For the data that follows, print the line with "The very edge", the line with "Now your heart", and all lines between them, exactly as they stand. Omit pictures and add nothing.

[Saved entries]

──────

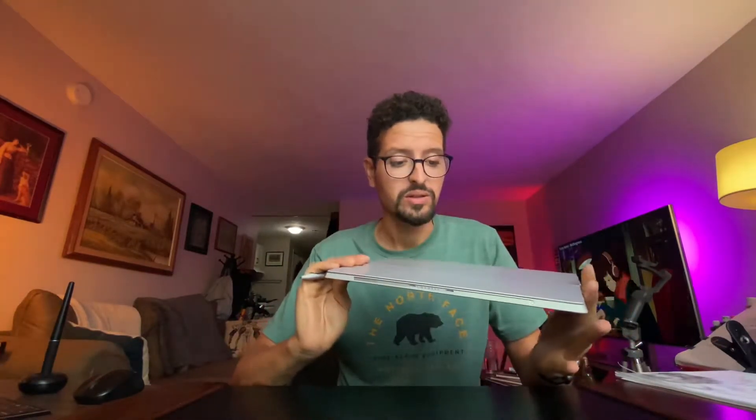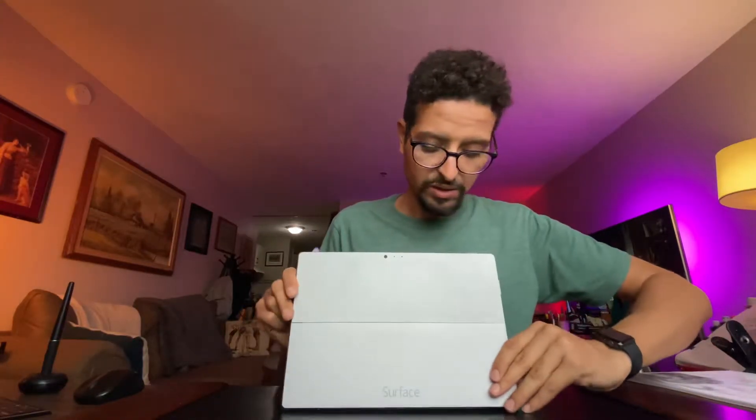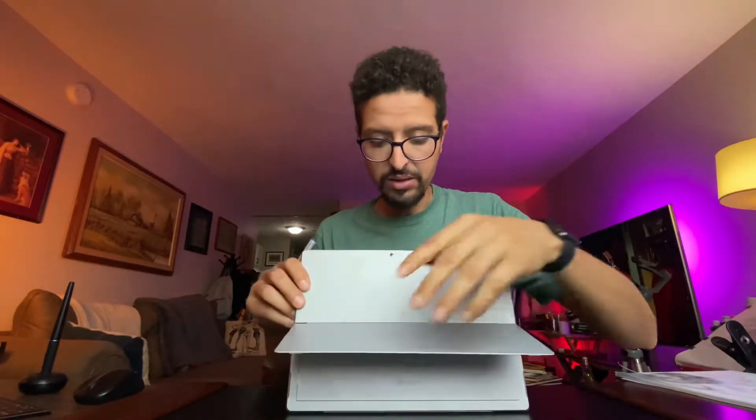Hi everyone, today I'm excited because I got an old device, the Surface Pro 3, and I'm going to try sketching on it. I'll try the native drawing app from Microsoft, and also a free program for Windows — kind of like a free Photoshop. The good thing about this device is it has an amazing stand, and it's crazy how you can adjust the level to make your perfect angle for sketching. I'm so excited — let's try free apps on it and see how it stands up in 2022. Let's go!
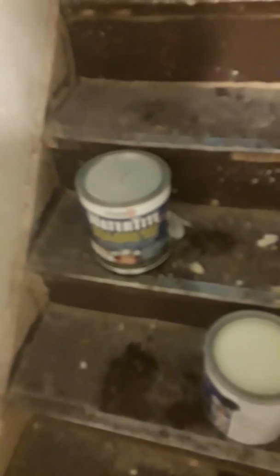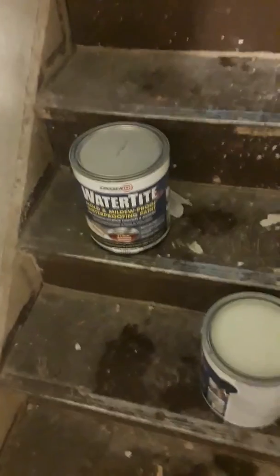The Drylok paint I have here is what was on sale at Menards — waterproof Drylok. Usually they have other brands, but this was the particular brand that was on sale, so I'm going to try it out.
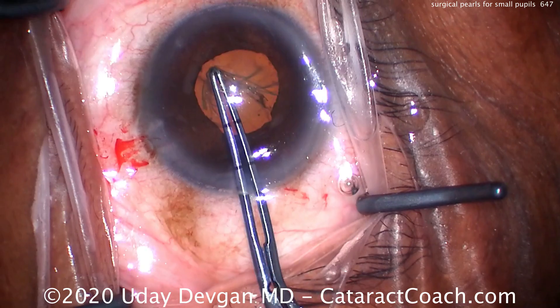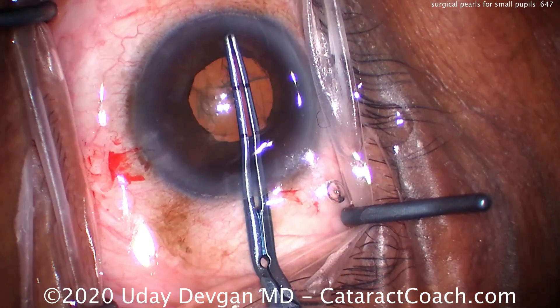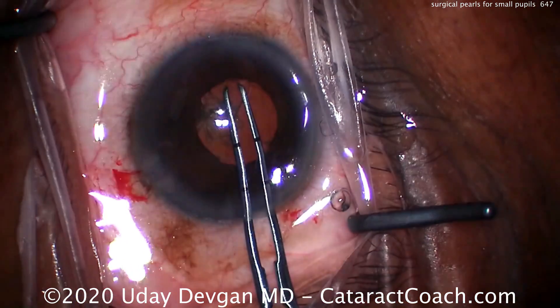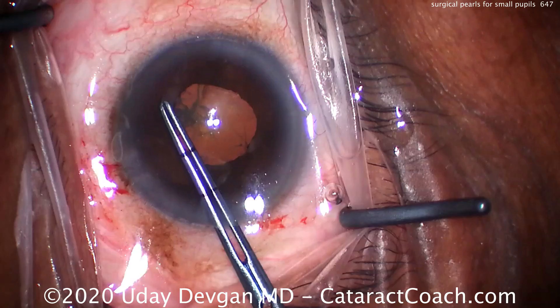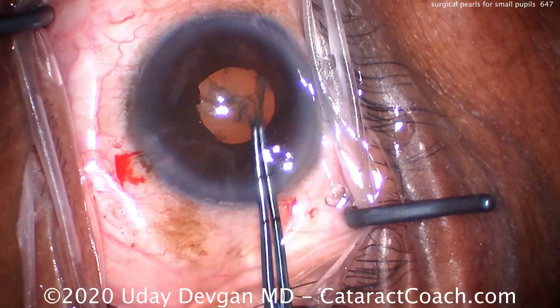The very edge of the capsularexis is now under the iris tissue. You don't directly visualize it at all, and that's okay. You know where it is. You've got this — not a big deal. You've done this a thousand times, probably 10,000 times. There's a nice capsularexis.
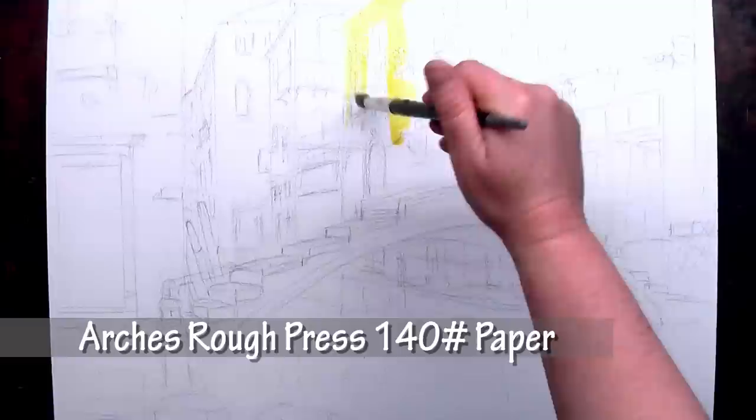Hello, I'm Jennifer Branch. Today I'm going to show you how to paint a gorgeous Venice Bridge. This is a classic light surrounded by dark, cool colors surrounding warm colors composition. Let's paint.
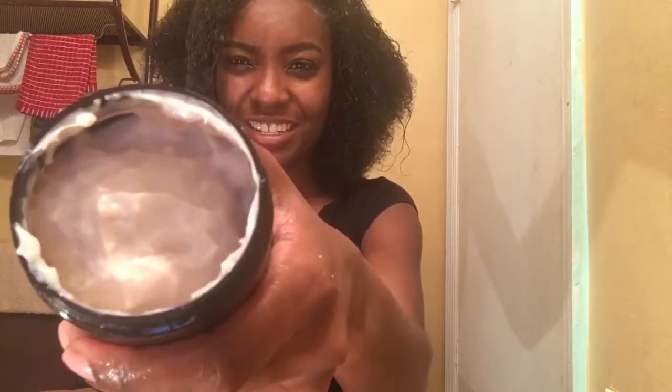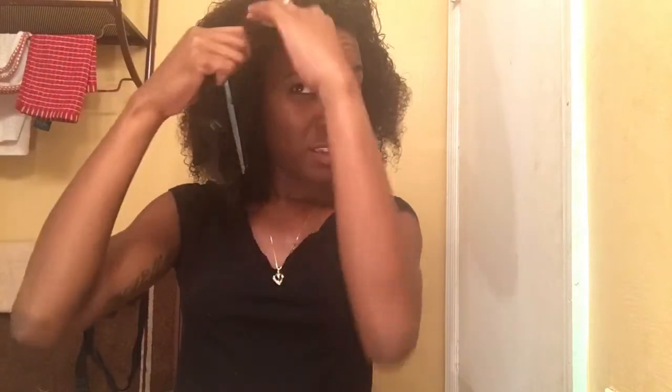Next I'm going to take my wide tooth comb and part my hair, making sure I get the right amount of hair to achieve the curl I want to fit the curling rod. After that I'm going to detangle any tangles in my hair, then I'm going to take the As I Am twist cream — it smells really good — and apply that all over the parted section, because this product is very important when styling.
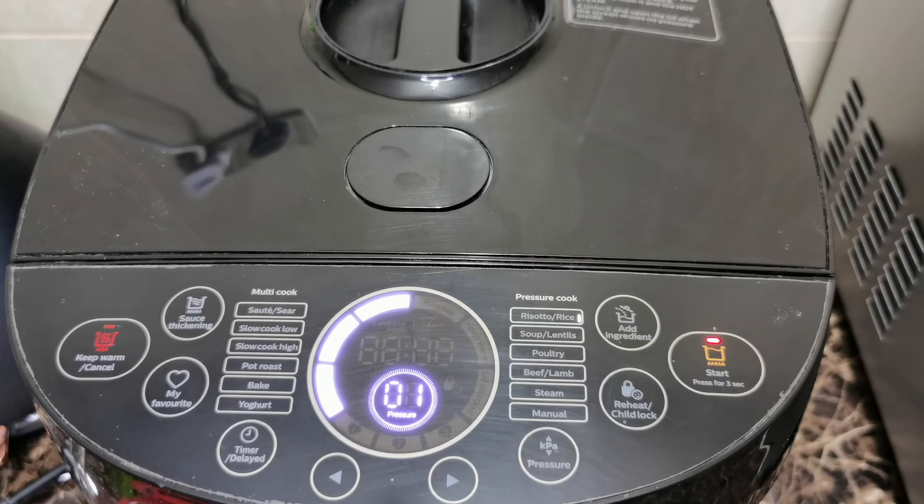So what happens after this — once it has reached the time or the point where all the pressure has been released — it will keep warm. The pressure is no longer built up, but it will still keep your cooking warm in case you may be away from your pressure cooker. It will keep your soup or cooked food warm until you switch it off. Now it's going to 0, and the meter is saying it is now on keep warm. You can see the little red light on the left-hand side blinking — that is the keep warm indicator.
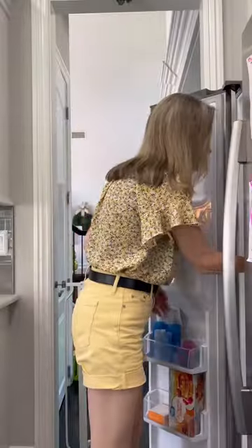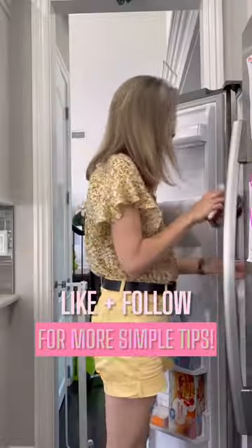Now your heart can warm up to this type of freezer because you know how to make it functional. Like and follow along for more simple tips.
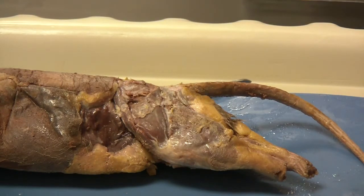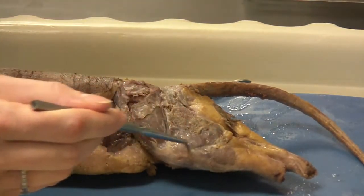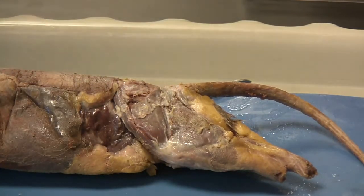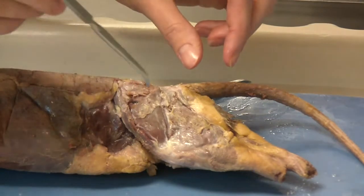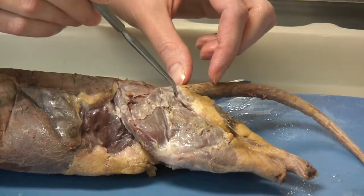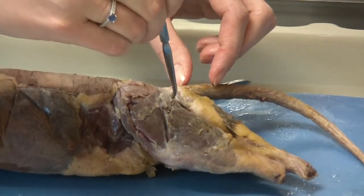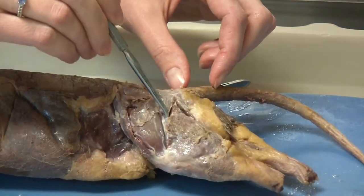The second part of the instructions indicates that we should remove the biceps femoris. The biceps femoris is this large triangular shaped muscle right here. The thing that you are going to want to focus on is not removing the caudofemoralis and semitendinosus muscles. The semitendinosus is right here by the tail — it's a very thin muscle, so make sure you have separated that out so you are not cutting off that portion. The caudofemoralis is just to the inside here; please make sure that you get your blunt dissecting probe down in there and separate that out.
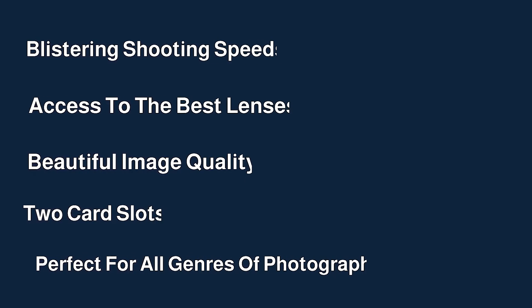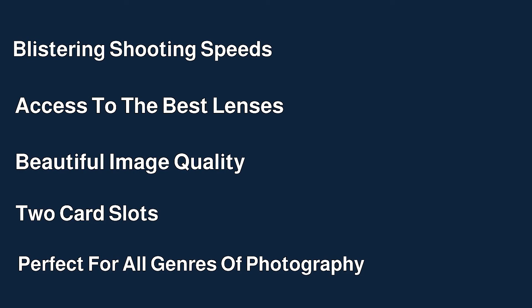It really is an all-round camera. You have blistering shooting speeds of up to 20 frames per second, access to the best lenses for photography and video, beautiful image quality, great Canon colour, two card slots so you've got one backup, and it's perfect for all genres of photography. It also gives you pro quality images. Not only would I recommend the Canon R6 to you as a photographer and a videographer right now, I would also recommend it for the foreseeable future — it has all the features you need. This camera is definitely worth buying in 2021.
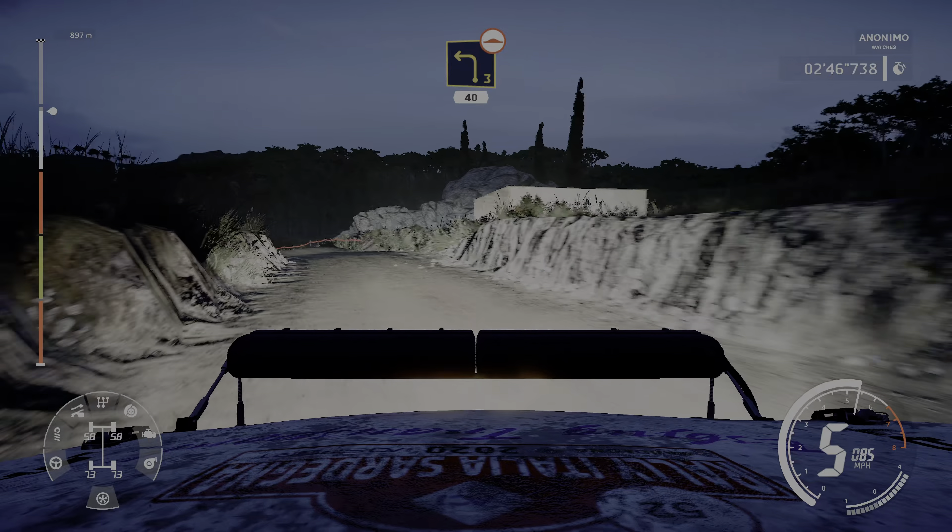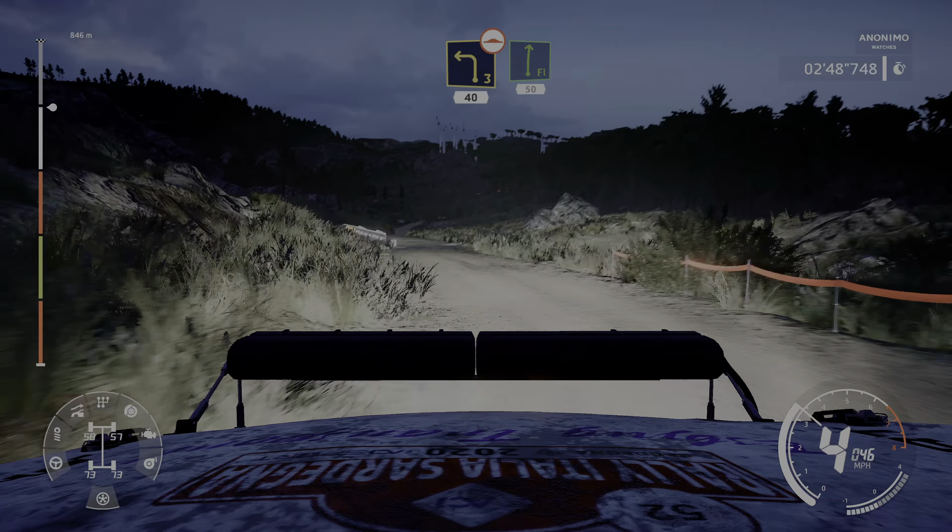And left 3 short, over bump, keep in, 40. And flat right, small cut, 50.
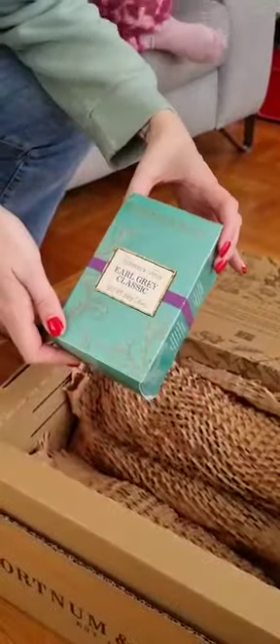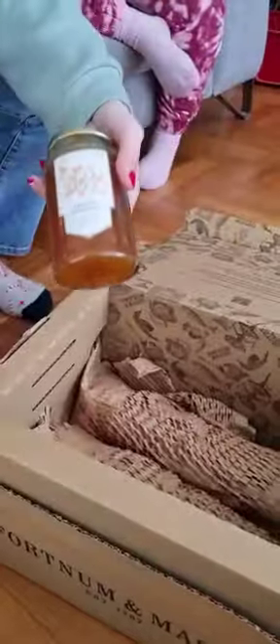Next we have a box of the earl grey classic tea bags. Also an apricot preserve.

──────

FINAL ANSWER:
The very edge of the capsularexis is now under the iris tissue. You don't directly visualize it at all, and that's okay. You know where it is. You've got this — not a big deal. You've done this a thousand times, probably 10,000 times. There's a nice capsularexis.
Hello, I'm Jennifer Branch. Today I'm going to show you how to paint a gorgeous Venice Bridge. This is a classic light surrounded by dark, cool colors surrounding warm colors composition. Let's paint.
Next I'm going to take my wide tooth comb and part my hair, making sure I get the right amount of hair to achieve the curl I want to fit the curling rod. After that I'm going to detangle any tangles in my hair, then I'm going to take the As I Am twist cream — it smells really good — and apply that all over the parted section, because this product is very important when styling.
So what happens after this — once it has reached the time or the point where all the pressure has been released — it will keep warm. The pressure is no longer built up, but it will still keep your cooking warm in case you may be away from your pressure cooker. It will keep your soup or cooked food warm until you switch it off. Now it's going to 0, and the meter is saying it is now on keep warm. You can see the little red light on the left-hand side blinking — that is the keep warm indicator.
Now your heart can warm up to this type of freezer because you know how to make it functional. Like and follow along for more simple tips.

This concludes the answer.